A couple of years ago, Panasonic bestowed a brace of Blu-ray recorders on the world with its Freesat models, so it was no surprise when the 500GB DMR-BW880 and 320GB DMR-BW780 recently rode in to town on the coat tails of Freeview HD.
When Freesat launched it was hampered by copy restrictions that prevented ITV HD shows from being archived. Happily, this situation is not an encumbrance to Freeview, as present rules allow BBC HD broadcasts to be copied on to Blu-ray multiple times, while those from ITV and C4 may be copied once (and you can make further limitless standard-definition copies).
Considering how cutting-edge the DMR-BW880 is under the hood the box itself looks somewhat bland. The fascia is split into two dropdown panels; one hides the optical disc drive, the other, through which the LED display shines, reveals some basic transport control buttons, composite video/stereo phonos and inputs for DV, SD card and USB.
With Top Up TV now offering Sky Sports, the absence of a CI slot could prove critical for sports fans. The front edge of the otherwise nondescript top is festooned with 14 barely visible badges such as AVCHD, GuidePlus+ and DTS-HD MA, with the Freeview+ HD, DVB and Gracenote logos getting full prominence on the front right panel.
The latter has significance for anyone likely to use the BW880 as a music server; the hard disk can store 40,000 tracks and has a folder structure similar to an MP3 player with artist, album, playlist, favourite and random options.
Despite charging a princely sum for the BW880, Panasonic doesn't provide any built-in flash memory, and to enjoy BD-Live you need to supply your own 1GB SD card.
The company did at least find room for both optical and coaxial digital audio outputs.
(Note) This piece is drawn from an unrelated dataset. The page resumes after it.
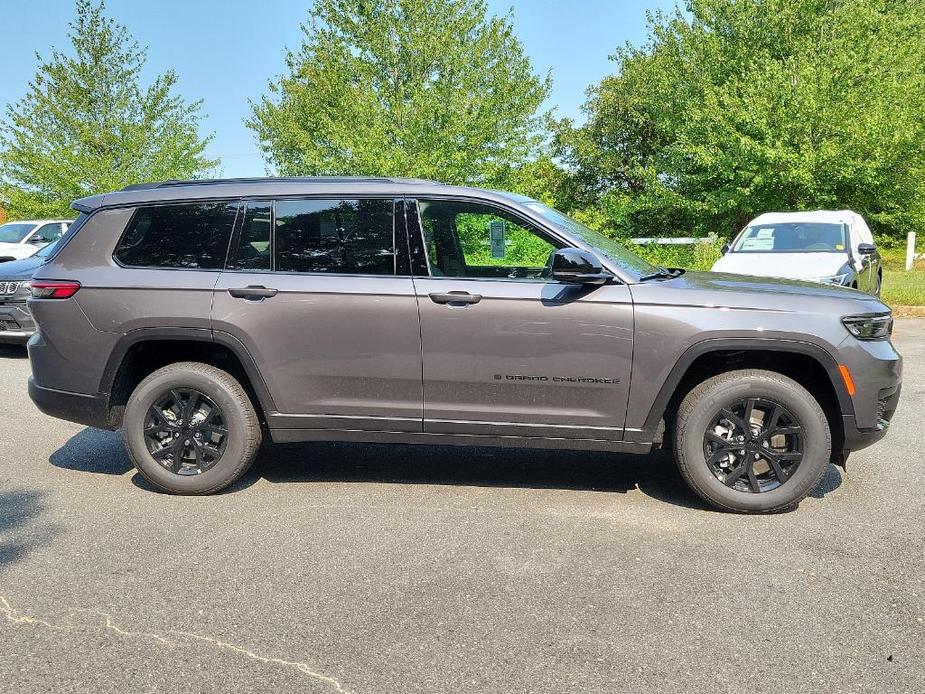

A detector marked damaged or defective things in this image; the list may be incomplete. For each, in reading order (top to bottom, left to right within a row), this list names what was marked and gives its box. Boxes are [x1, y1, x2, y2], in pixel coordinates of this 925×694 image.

crack in asphalt [0, 596, 350, 692]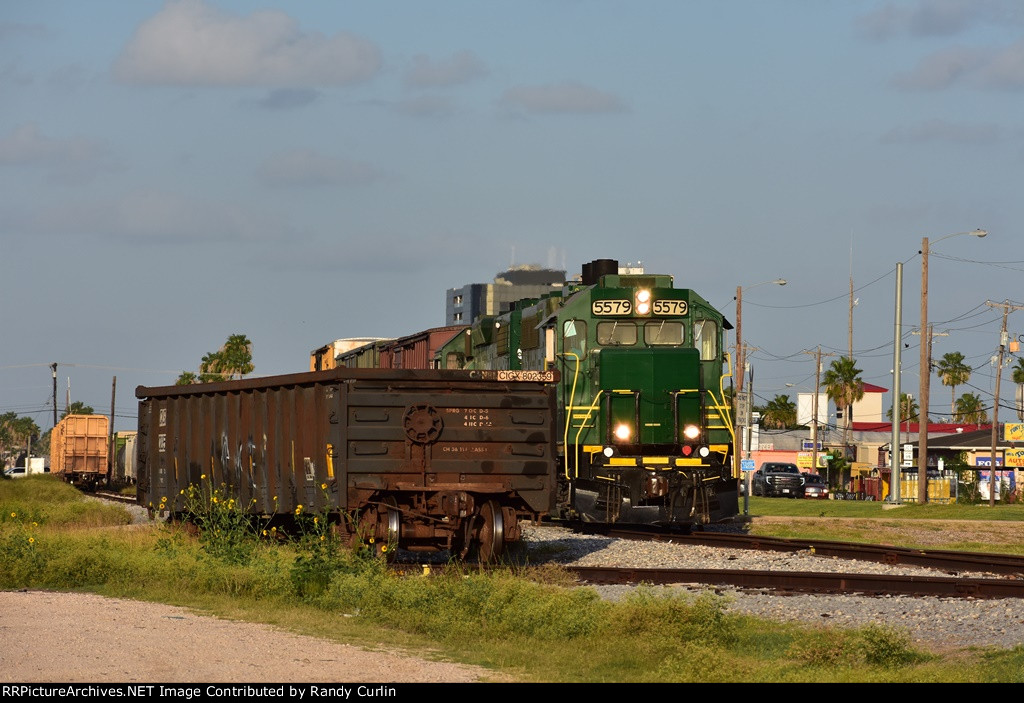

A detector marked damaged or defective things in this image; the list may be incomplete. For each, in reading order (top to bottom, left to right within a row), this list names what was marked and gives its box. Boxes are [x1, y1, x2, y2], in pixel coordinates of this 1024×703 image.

rusty gondola car [134, 368, 561, 560]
All common video formats can be output, with the exception of component video. Up and running It takes some time to get to grips with the BW880.
If, like me, you take the plug 'n' play approach before reading the 120-page instruction manual, you'll be pleased to know that the machine tunes itself in and asks you to set basic preferences such as power saving settings.
Within minutes, I was watching BBC 1 and instinctively pressed the okay button on the remote to access the channel list. No programme info is provided here but scrolling up and down and selecting a channel is reassuringly fast.
Considering Panasonic's deck is such a complex beast, both the menu system and remote control are well laid out, and the latter deserves special praise. It's a nice size, has good ergonomics and colour coding, not to mention the fact that all the vital functions are easily and logically accessed.
One key button allows you to switch between the HDD, BD, USB and SD drives. For the most part Panasonic's user interface works very well, but, like the box itself, it looks dated and not nearly as slick as those used by the likes of LG and Samsung.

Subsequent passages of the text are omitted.